Nações Unidas, 20 set (EFE).- O presidente do Brasil, Michel Temer, expressou nesta terça-feira perante a ONU o "compromisso inquebrantável com a democracia" em seu país após o impeachment da presidente Dilma Rousseff.

Temer estreou nesta terça-feira no debate de alto nível da Assembleia Geral da ONU, no primeiro discurso de um chefe de Estado, cumprindo com uma tradição que se mantém desde 1955, com o Brasil iniciando as exposições nesse órgão da ONU.

"O Brasil acaba de atravessar um processo longo e complexo, regrado e conduzido pelo Congresso Nacional e pela Suprema Corte brasileira, que culminou em um impedimento. Tudo transcorreu dentro do mais absoluto respeito à ordem constitucional", recalcou Temer.

"Este exemplo que demos ao mundo -insistiu-, demonstra claramente que não pode haver democracia sem estado de direito. Ou seja, que as normas são aplicadas a todos, inclusive aos mais poderosos".

O processo que conduziu ao impeachment de Dilma, acrescentou Temer, está sendo feito em meio a uma "depuração do sistema político".

"Contamos com um judiciário independente, uma Procuradoria ativa e também órgãos executivos e legislativos que cumprem com suas funcões", insistiu Temer.

"Portanto -acrescentou-, a vontade dos indivíduos não é o que prevalece, mas a força das instituições sob a vigilância de uma sociedade plural e de uma imprensa livre".

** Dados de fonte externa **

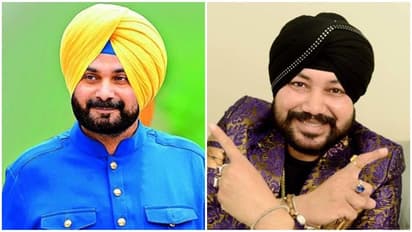 ಪಟಿಯಾಲ ಜೈಲಿನಲ್ಲಿ ನವಜೋತ್‌ ಸಿಧು ಕ್ಲರ್ಕ್, ದಲೇರ್‌ ಮೆಹಂದಿ ರೈಟರ್!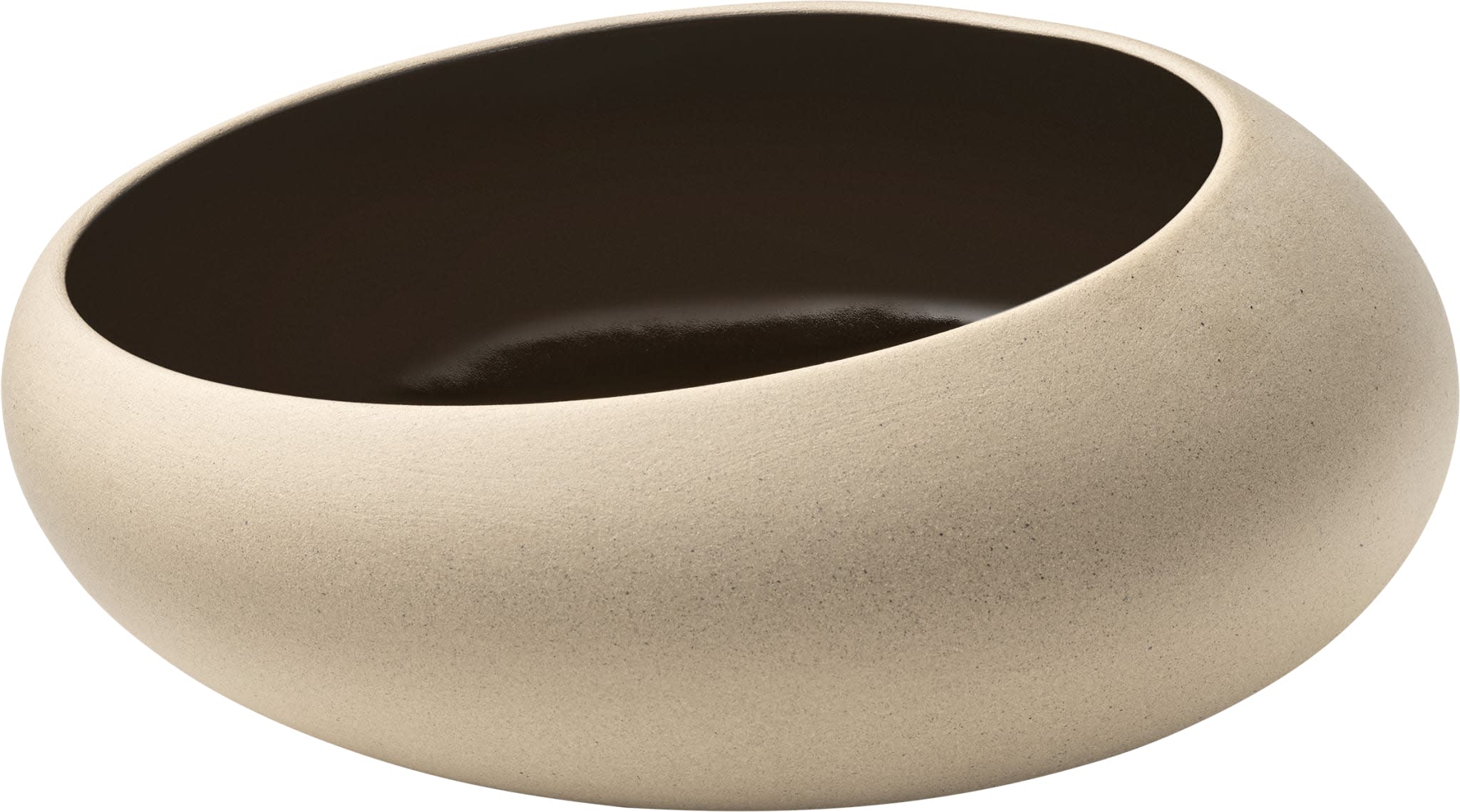 Embrace Bowl, 33.8 oz., Black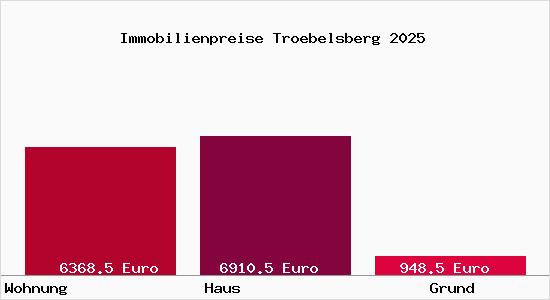 Immobilienpreise Troebelsberg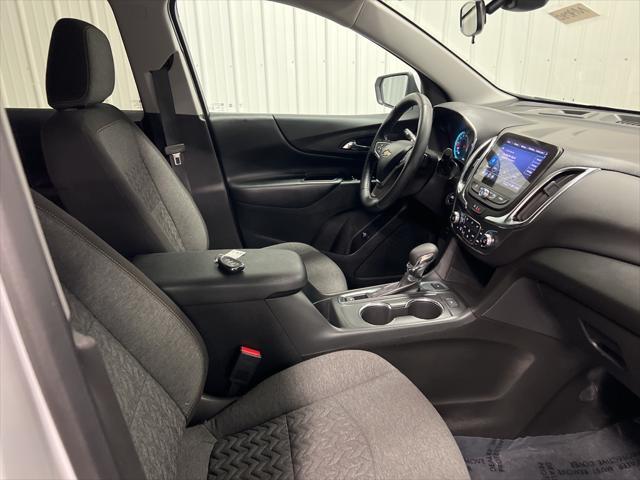 used 2023 Chevrolet Equinox car, priced at $24,290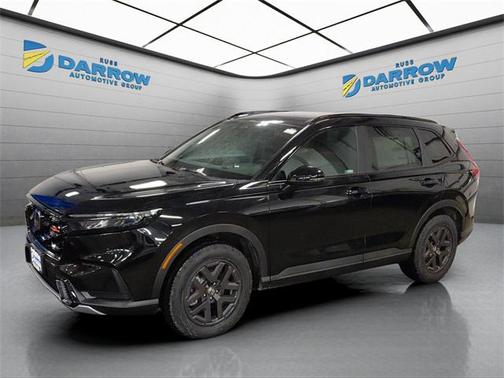 2026 Honda CR-V Hybrid TrailSport AWD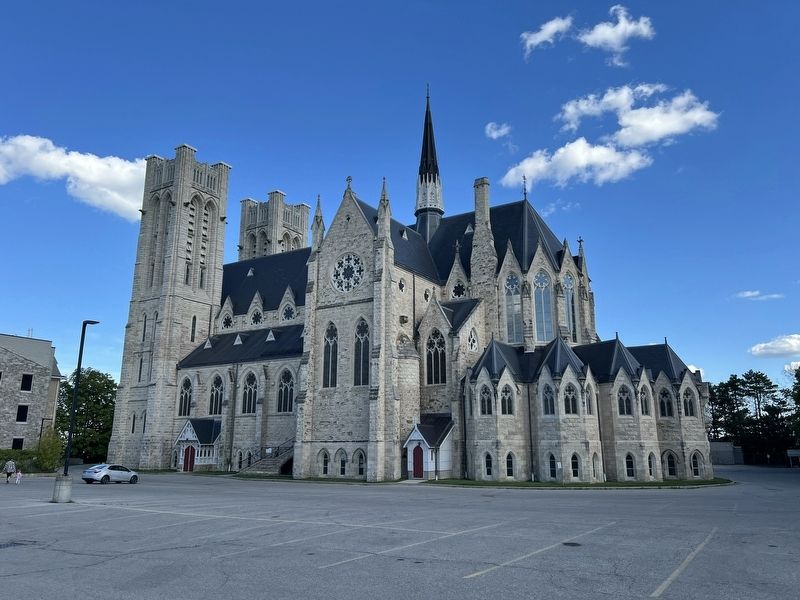 Church of Our Lady of the Immaculate Conception image. Click for full size.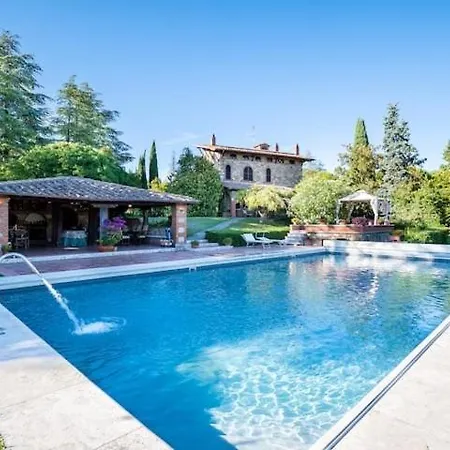 Saracina Magnolia Private Appartement *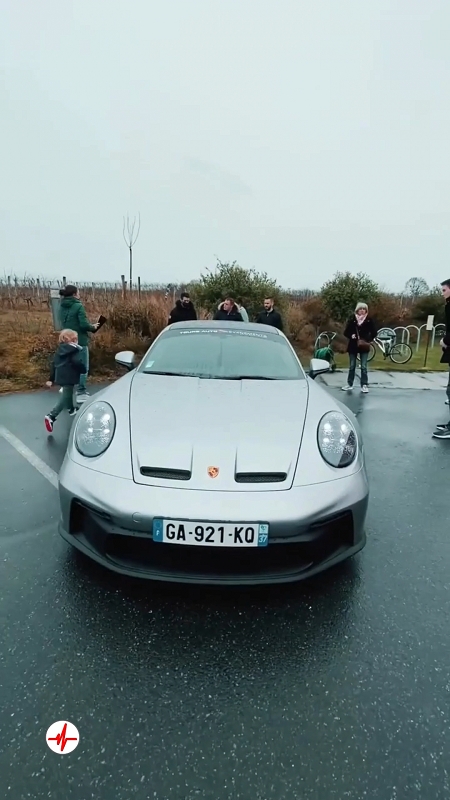 Baptême Passager en Porsche 992 GT3 au Circuit Magny-Cours F1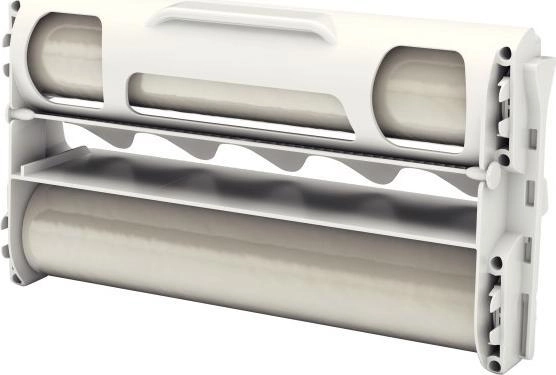 Xyron Roll with double-sided film for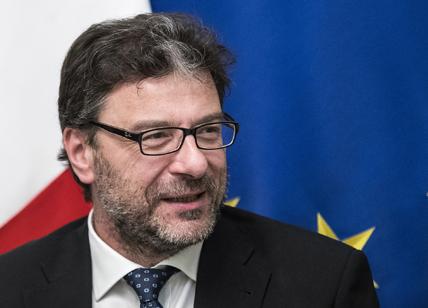 Banche, parla il ministro Giorgetti: “Quelle italiane sono solide”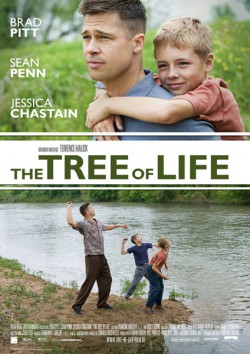 Filmplakat zu The Tree of Life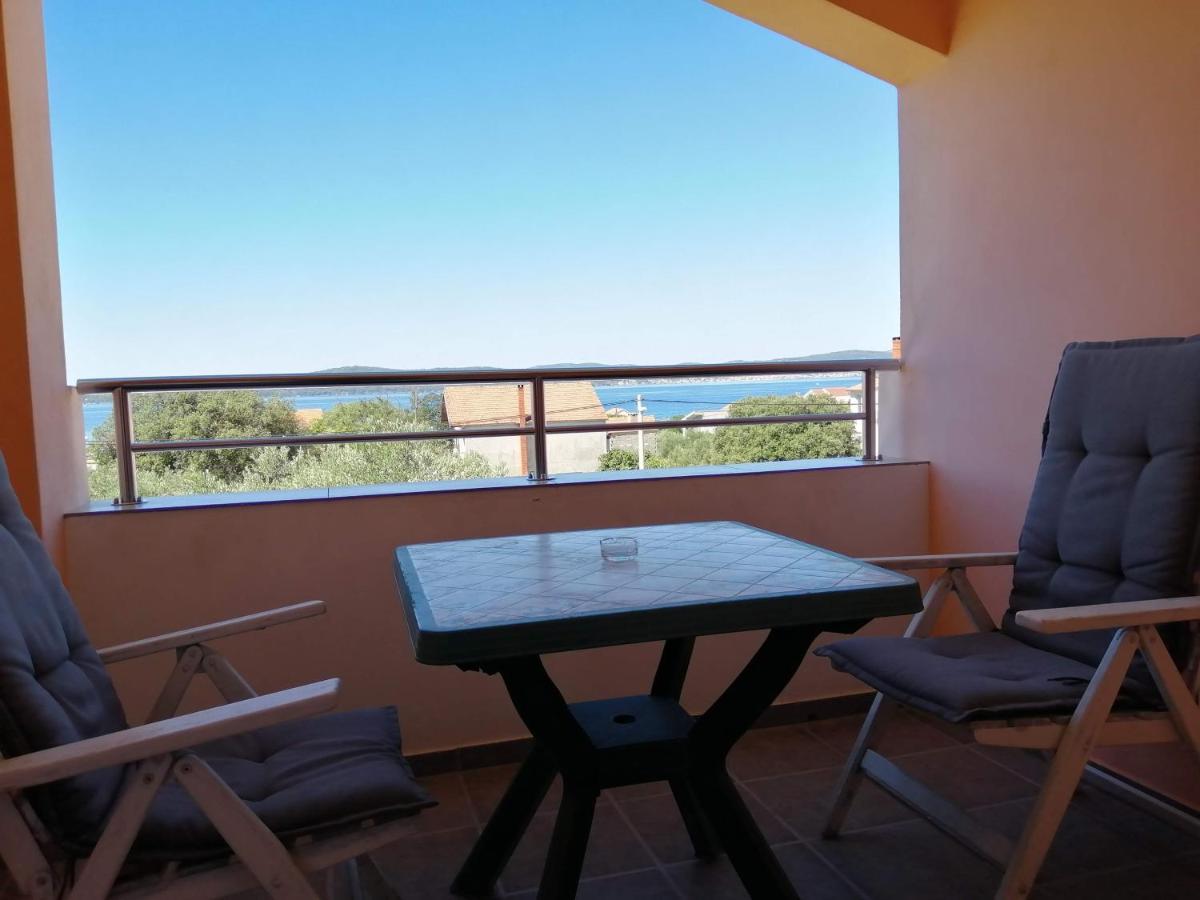 Apartmani A&N Bibinje Exteriér fotografie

Temer acrescentou que a tarefa do governo agora é de retomar o crescimento econômico para garantir que os trabalhadores "recuperem os milhões de empregos perdidos", perante uma "responsabilidade fiscal e social".

Em sua mensagem, e ao se referir a temas internacionais, Temer insistiu na necessidade de aplicar reformas no Conselho de Segurança, dominado agora por cinco potências mundiais (Estados Unidos, Rússia, China, França e o Reino Unido).

"Seguiremos trabalhando para superar o ponto morto que há sobre esta questão", acrescentou Temer ao se referir a gestões que, entre outras ideias, propõem limitar o direito de veto dessas cinco potências ou ampliar o número de integrantes do conselho.

Com relação ao conflito da Síria, Temer disse que "continua sendo uma fonte enorme de sofrimento", na qual "as mulheres e as crianças são suas principais vítimas".

"Pedimos às partes que respeitem os acordos respaldados pelo Conselho de Segurança", afirmou Temer, que pediu entre eles que seja permitido o acesso da assistência humanitária à população civil.

Temer também mencionou o "perigo" que representam os últimos testes nucleares e com mísseis da Coreia do Norte, o que lembra a necessidade de acabar com a proliferação nuclear.

Entre os temas que mencionou figura o recente acordo na Colômbia para acabar com o conflito armado das Farc, felicitando o presidente Juan Manuel Santos.